Bu nedenle de tartışma daha ziyade hak kavramının varsayılan içeriği üzerine odaklanmaktadır. Halbuki hak kavramının güncel hukuki, ahlaki ve siyasi tartışmaları kesin olarak çözüme kavuşturmakta kullanılabilecek bir argüman olabilmesi için, öncelikle kavramın kendisinin ne olduğu üzerinde bir uzlaşmanın kurulmasına ihtiyaç vardır.
Bir başka ifadeyle, hak kavramı etrafında sürdürülen tartışmaların bir sonuca bağlanabilmesi için öncelikli olarak “Hak nedir?” veya “Bir hakka sahip olmak ne demektir?” sorusu yanıtlanmalıdır.
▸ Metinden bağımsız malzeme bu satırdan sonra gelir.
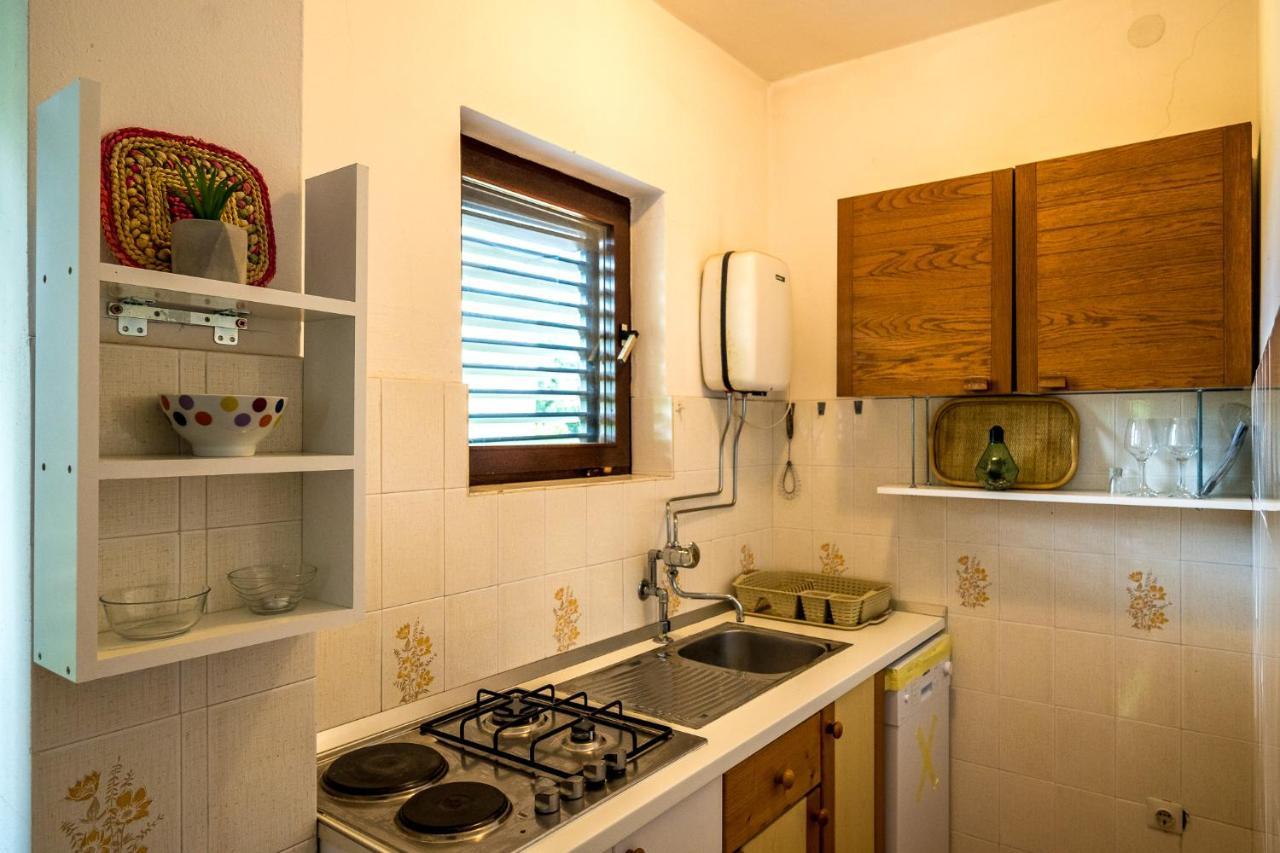 Apartmani Rosa Turanj Exterior foto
Bu çalışmanın temel gayesi yukarıdaki soruya bir yanıt aranmasıdır. Bu nedenle çalışma bizatihi hak kavramının çözümlenmesine yani analizine odaklanmıştır. Dolayısıyla çalışma kapsamında yukarıda sözü edilen güncel tartışmaların tüketilmesi amaçlanmamaktadır. Bilakis amaçlanan, bu tartışmalar için de zemin kurabilecek nitelikteki bir hak tanımının olabilirliğinin sorgulanmasıdır.
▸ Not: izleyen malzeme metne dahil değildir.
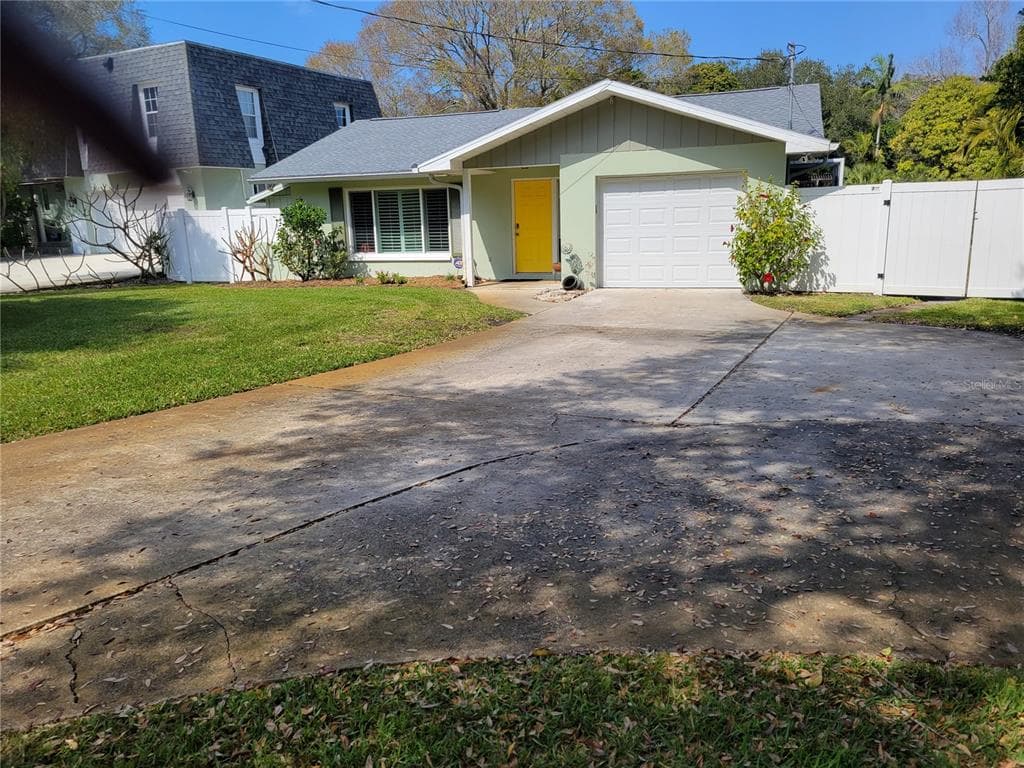 3059 HICKORY DRIVE LARGO, FL 33770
Çağımızda hak kavramının mahiyetinin açıklanmasına ilişkin oldukça geniş bir literatürün varlığından söz etmek mümkündür. Bununla birlikte elinizdeki çalışma esas itibariyle kavram analizi bakımından belirli bir geleneğe sahip olan Anglo-Sakson analitik hukuk felsefesi yaklaşımlarını merkeze almaktadır. Konunun tüketilmiş olma iddiasında olunmadığından, ileride yapılacak yeni çalışmaların sorunu farklı açılardan ele alacağı beklentisi taşınmaktadır.